- **About this exercise**: All of the data below should be printed again exactly, pictures excluded.

- **Supplied data**:

◇ ◇ ◇

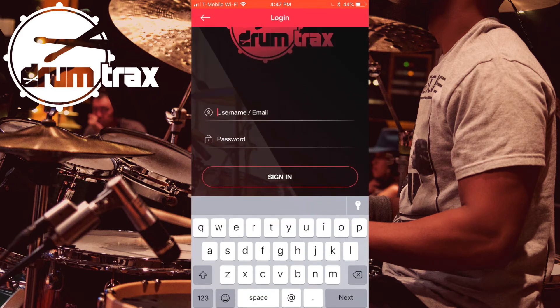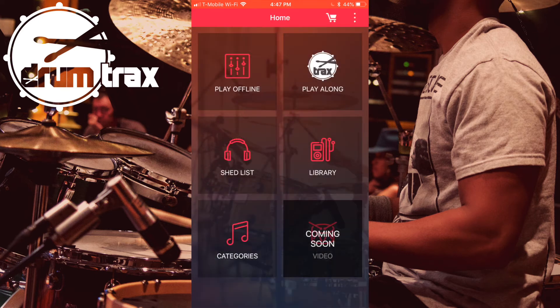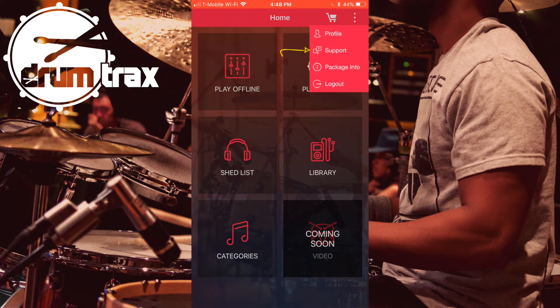Step 1: Log into the app. Step 2: From the home screen, click the three dots at the top right corner and a drop-down menu will appear.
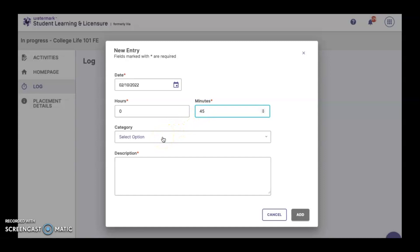The category is not applicable to field experience students. That's only to be used in the case of student teachers.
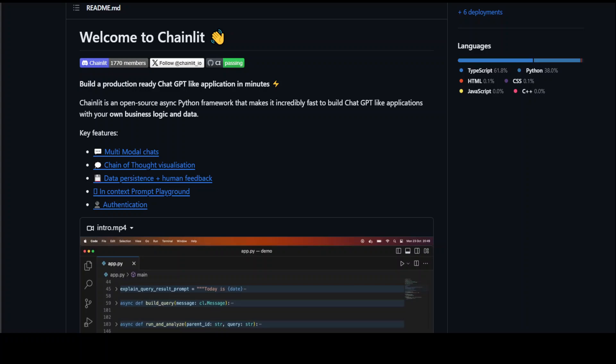You can do lots of integrations with Chainlit. You can integrate it with LangChain or any LangChain agent, with your Autogen agent, with OpenAI Assistant, or with your Llama Index code.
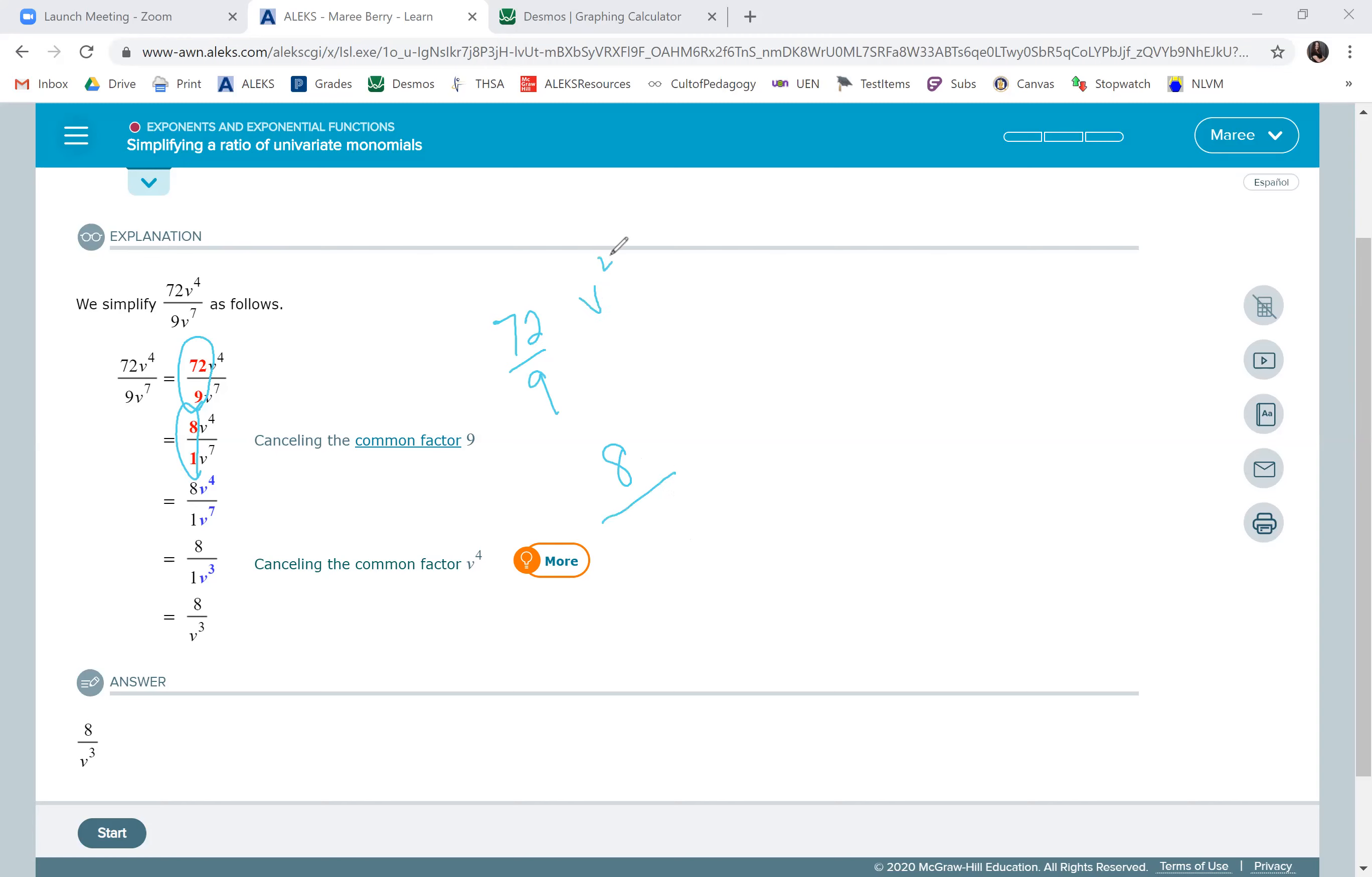We have our fraction here, so we had v to the fourth over v to the seventh. We can cancel four of the v's in the numerator and four in the denominator, which means there's three left, so v cubed. And that's how we get our final answer, 8v cubed.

◇ ◇ ◇

- **Task solution**:
Step 1: Log into the app. Step 2: From the home screen, click the three dots at the top right corner and a drop-down menu will appear.
The category is not applicable to field experience students. That's only to be used in the case of student teachers.
You can do lots of integrations with Chainlit. You can integrate it with LangChain or any LangChain agent, with your Autogen agent, with OpenAI Assistant, or with your Llama Index code.
We have our fraction here, so we had v to the fourth over v to the seventh. We can cancel four of the v's in the numerator and four in the denominator, which means there's three left, so v cubed. And that's how we get our final answer, 8v cubed.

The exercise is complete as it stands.